The Round-up (Les Sans-Espoir) de Miklós Jancsó. Aujourd’hui considéré comme une œuvre clé du cinéma hongrois des années 1960, il s’agit du premier film important réalisé par Jancsó qui va largement résonner dans les années subséquentes à l’échelle du cinéma mondial. Au-delà du contexte historique dépeint (la révolution hongroise de 1848), c’est le travail de la caméra en cinémascope, proposant une scénographie des grands espaces qui marque les esprits et dont on pourra observer l’influence dans les westerns de Leone. Le film est présenté avec sous-titres anglais le 1er septembre et sous-titres français le 6 septembre, dans une remarquable version restaurée 4K.

Depuis les années 2000, le cinéaste hongrois qui est largement reconnu et influent est bien entendu Béla Tarr. Damnation (les 10 et 16 septembre) est certainement l’œuvre où l’ensemble de son univers pour lequel il a été mondialement reconnu se met en place : longues traversées de lieux déserts, personnages oscillant entre mutisme misanthrope et défaitisme bouffon, puissance d’évocation dans la réalisation des plans et sens consommé de la composition graphique. Présenté dans une copie 35 mm en provenance des archives de Budapest.     

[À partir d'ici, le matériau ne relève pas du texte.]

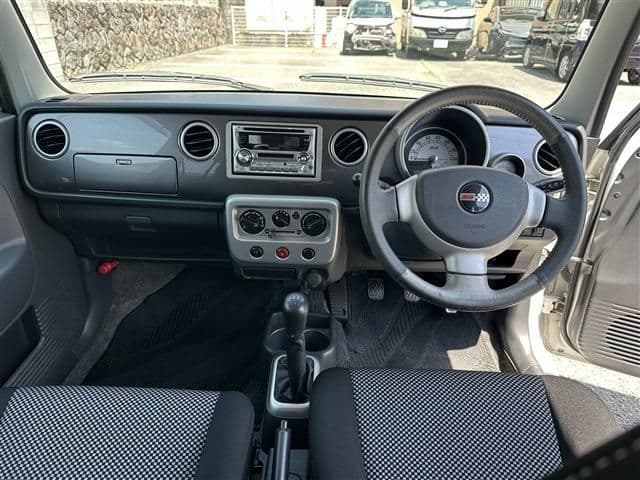 Car thumbnail 2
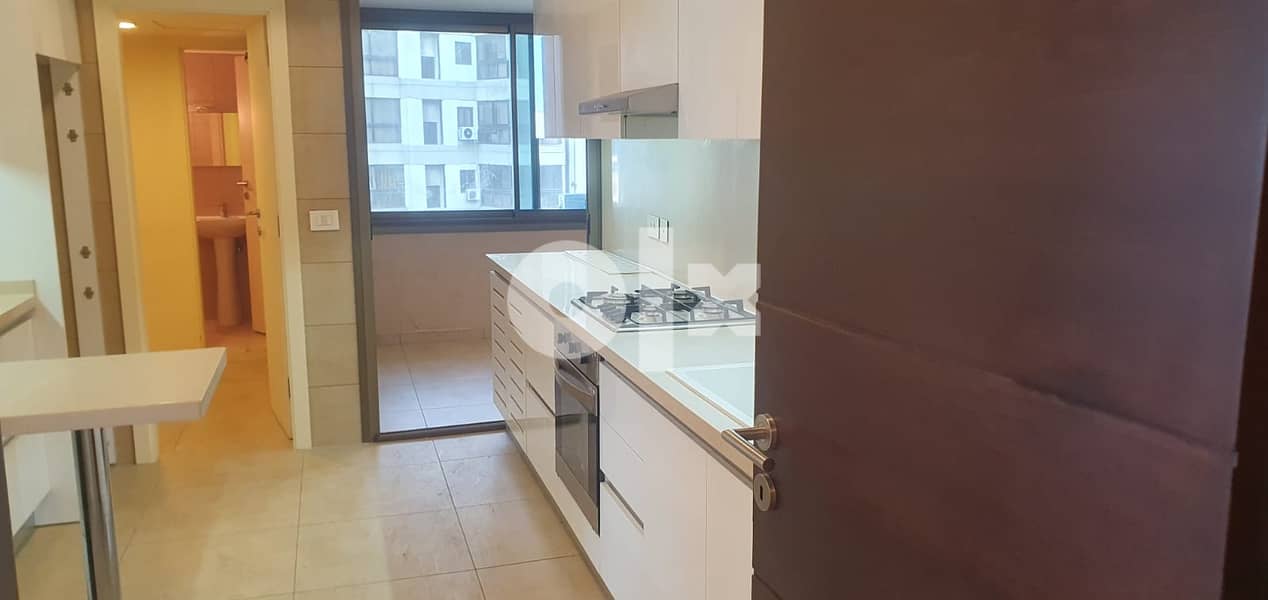 L11459-High-End Spacious Apartment for Sale in Hamra 3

Photographie de Pal Zolnay (les 5 et 17 septembre) et La dame de Constantinople (le 4 septembre) de Judit Elek. Un pan du cinéma hongrois doit beaucoup à l’école documentaire du cinéma direct et aux techniques légères de tournage. Les deux films de Zolnay et Elek sont exemplaires à cet égard, dans la mesure où ils entremêlent jusqu’au trouble le réel et la fiction. Le premier film est en principe le récit de photographes et cinéastes partis explorer la campagne hongroise avec des velléités ethnographiques, mais cet alibi documentaire s’estompe et le film opère un tournant vers l’histoire d’un infanticide dont la réalité documentaire ne sera jamais confirmée. Le deuxième film constitue quant à lui le portrait précis et attentif d’une dame d’un certain âge et bien née, confrontée aux affres du marché locatif à Budapest. La mise en scène, d’une efficacité redoutable, constitue aussi un témoignage rare de la vie quotidienne au tournant des années 70 en Hongrie.

C’est donc en toute logique que nous avons choisi de compléter ce cycle par l’exposition d’une sélection d’œuvres du photographe d’origine hongroise Gabor Szilasi, où sont mis en dialogue des portraits de cinéastes posant avec leur appareil (souvent une caméra) et quelques photos détaillant des lieux habités autant que le paysage urbain.